D'ores et déjà, plusieurs administrations se sont saisies du geste. Une enquête administrative est en cours contre trois pompiers qui ont fait une quenelle en Meurthe-et-Moselle, tandis que deux militaires faisant ce même geste devant une synagogue à Paris ont été sanctionnés par un rappel au règlement.
«Business»
Et c'est surtout du côté de Dieudonné qu'une offensive judiciaire est lancée. «La seule voie dont dispose notre client face à cet emballement médiatique, c'est la voie judiciaire. La quenelle, c'est un bras d'honneur détendu. La seule signification par rapport aux spectacles de l'artiste Dieudonné, c'est celle-ci», explique Me David de Stefano, l'un de ses avocats. L'humoriste n'a pas voulu répondre à l'AFP.
Une plainte avec constitution de partie civile a été déposée visant le président de la Licra Alain Jakubowicz, précise Me de Stefano. Et une citation directe devant la 17e chambre correctionnelle le vise aussi.
Il lui est reproché une lettre en date du 9 septembre adressée au ministre de la Défense Jean-Yves Le Drian dans laquelle il qualifie cette «quenelle» de «salut nazi inversé».
L'avocat de Dieudonné menace aussi de plainte Roger Cukierman pour des propos similaires, et de manière plus générale, les personnes en «responsabilités» affirmant que le geste est ambigu.
Pour Jean-Yves Camus, chercheur spécialiste de l'extrême droite interrogé par l'AFP, «on peut gloser sur le geste sans arrêt, dire que c'est un salut nazi inversé, un bras d'honneur adressé au système... C'est tout ça à la fois».
L'important est de voir «dans quel contexte» les gens se font photographier en faisant cette «quenelle». Lorsque c'est devant des lieux liés à la communauté juive, «cette simple expression est antisémite, ce n'est pas une expression antisioniste», d'après lui.
Mais par-delà les interrogations idéologiques, M. Camus voit dans le succès médiatique de cette «quenelle» un succès de «marketing d'auteur, de comédien» pour Dieudonné et «d'écrivain-essayiste» pour Alain Soral.
Sur leurs sites, livres, DVD, vêtements sont à vendre.

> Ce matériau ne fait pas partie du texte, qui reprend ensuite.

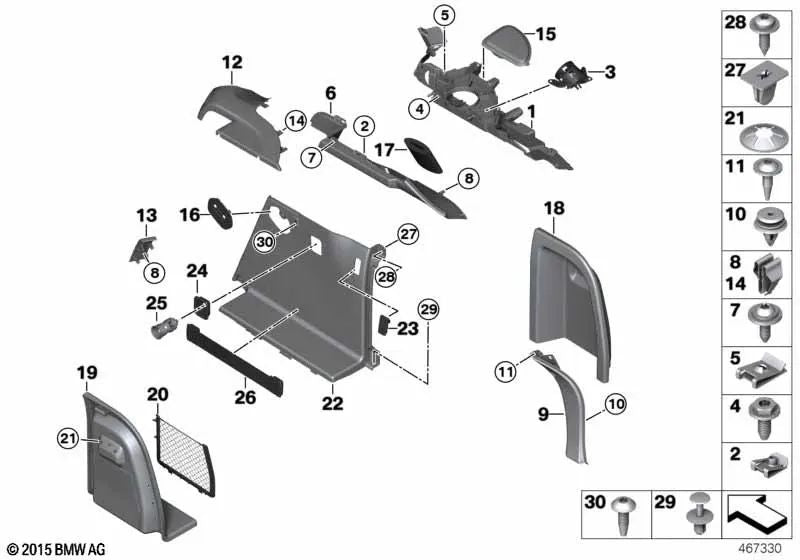 Revestimiento del maletero izquierdo para BMW F26 (OEM 51477337587). Original BMW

La maison d'édition d'Alain Soral dégage un chiffre d'affaires de 640.400 euros pour un bénéfice net de 64.300 euros, selon le registre du commerce.

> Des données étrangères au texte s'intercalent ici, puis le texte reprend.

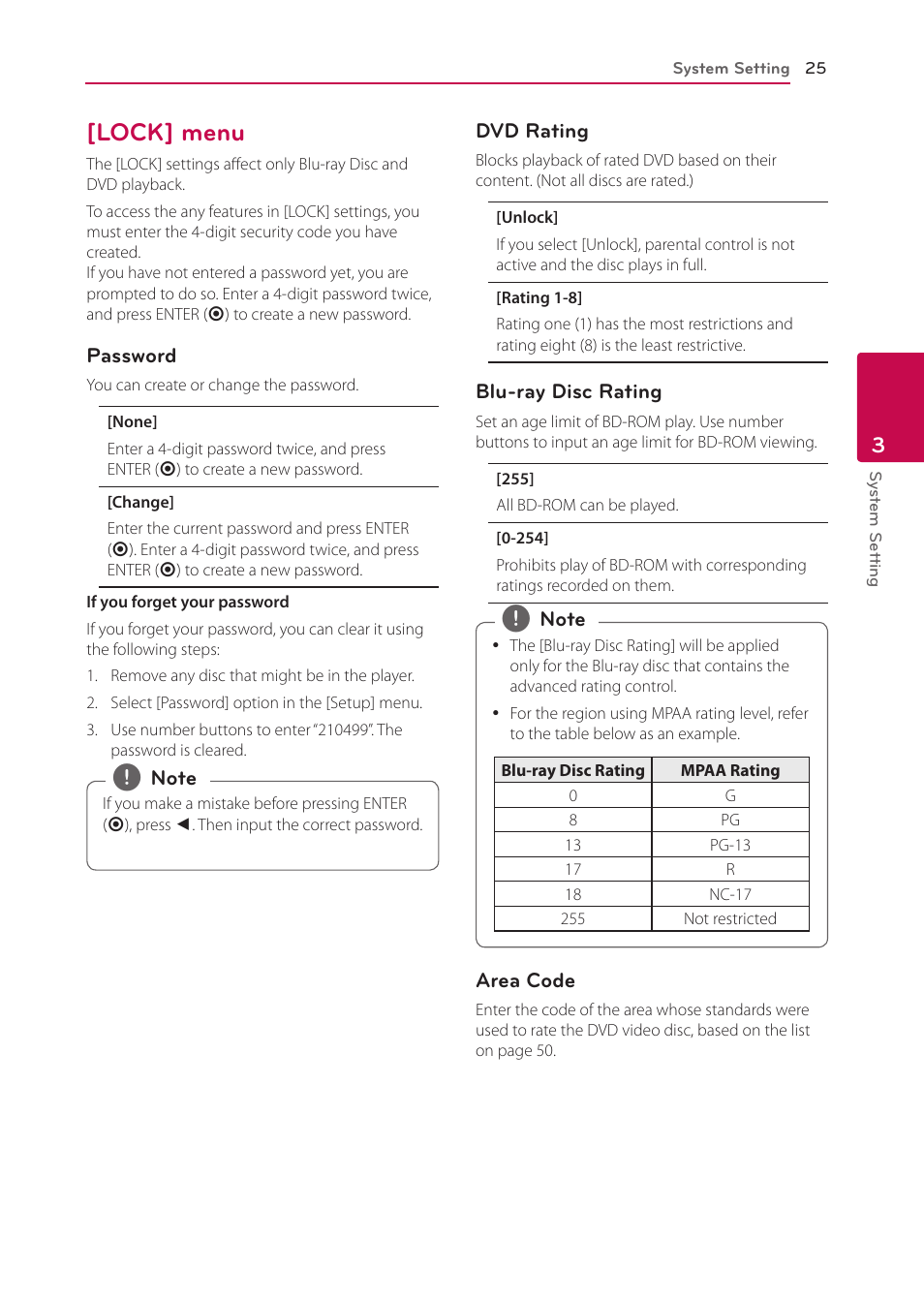 Lock] menu, 25 – [lock] menu | LG BP335W User Manual | Page 25 / 57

Leur «business», comme l'appelle M. Camus, est possible selon lui parce que «Dieudonné surfe sur une ambiguïté énorme: pour beaucoup de ses fans, peut-être même pour la majorité, l'aspect anti-système dépasse l'aspect antisémite».
Preuve de l'importance prise par le sujet, la «quenelle» a surgi dans la sphère politique : après Manuel Valls en novembre, c'est François Hollande qui le 16 décembre qui s'en est pris à «ceux qui se prétendent humoristes et qui ne sont que des antisémites patentés que nous devons également combattre».